Ollama runs Llama 3.1 locally with an OpenAI-compatible API. For a SaaS platform handling sensitive business conversations, local inference means conversation data never leaves your infrastructure. This article covers setup, integration, prompt engineering, and latency management.
Running Llama 3.1 with Ollama
# Install and start Ollama
curl -fsSL https://ollama.com/install.sh | sh
ollama serve &
# Pull the model (8B fits on 16GB RAM; 70B needs ~48GB)
ollama pull llama3.1:8b
# Verify with a health check
curl http://localhost:11434/api/tags
Ollama exposes an OpenAI-compatible endpoint at /v1/chat/completions. Point any OpenAI SDK client at http://localhost:11434/v1 with any string as the API key.
OpenAI-Compatible Integration
from openai import OpenAI
ollama_client = OpenAI(
base_url="http://localhost:11434/v1",
api_key="ollama", # Ollama ignores this but the SDK requires it
)
def generate_response(system_prompt: str, messages: list, model: str = "llama3.1:8b") -> str:
response = ollama_client.chat.completions.create(
model=model,
messages=[
{"role": "system", "content": system_prompt},
*messages,
],
temperature=0.7,
max_tokens=800,
stream=False,
timeout=30.0, # Never wait longer than this for a local model
)
return response.choices[0].message.content or ""
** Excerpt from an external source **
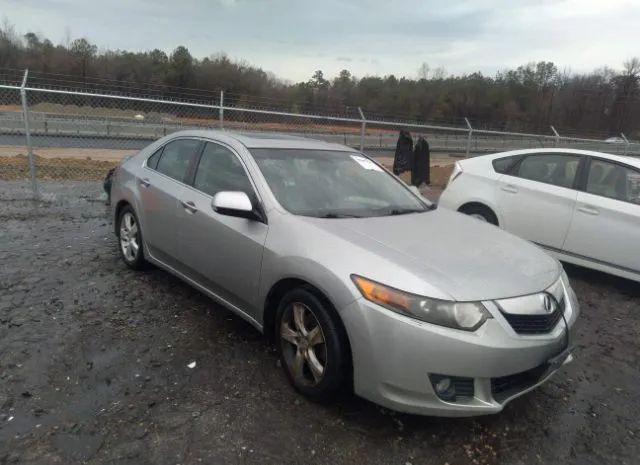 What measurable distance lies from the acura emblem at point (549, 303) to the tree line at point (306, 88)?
12486mm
Prompt Engineering for Sales Contexts
Llama 3.1 follows instructions well but needs explicit constraints for sales contexts:
- Role clarity — State the persona in the first sentence. Llama's default "helpful assistant" persona will bleed through if not overridden explicitly.
- Constraint exhaustion — List what the bot should NOT do: do not offer discounts, do not make promises about features not in the knowledge base, do not schedule appointments without availability data.
- Output format — If you need structured output (JSON for CRM field extraction), include a
RESPONSE FORMATsection in the system prompt with an example.
Latency Management
Llama 3.1 8B on a Raspberry Pi 5 generates ~10-15 tokens/second. A 200-token response takes 15-20 seconds — too long for a synchronous webhook. Use streaming and the Celery task queue (see Celery + Redis Task Queue for AI) to avoid timing out.
def generate_streaming(system_prompt, messages, model="llama3.1:8b"):
stream = ollama_client.chat.completions.create(
model=model,
messages=[{"role": "system", "content": system_prompt}, *messages],
stream=True,
)
full_text = ""
for chunk in stream:
delta = chunk.choices[0].delta.content or ""
full_text += delta
yield delta # send to caller progressively
return full_text
What to Watch For
- Model drift on pull —
ollama pullalways fetches the latest version of the model tag. Pin model names to specific digests in production. - Context window limits — Llama 3.1 8B has a 128k token context but practical throughput degrades after ~8k. Keep your combined prompt + history under 8k.
- Resource contention — If Ollama and ChromaDB run on the same machine, an ingestion job during peak traffic will starve inference. Schedule ingestion outside business hours.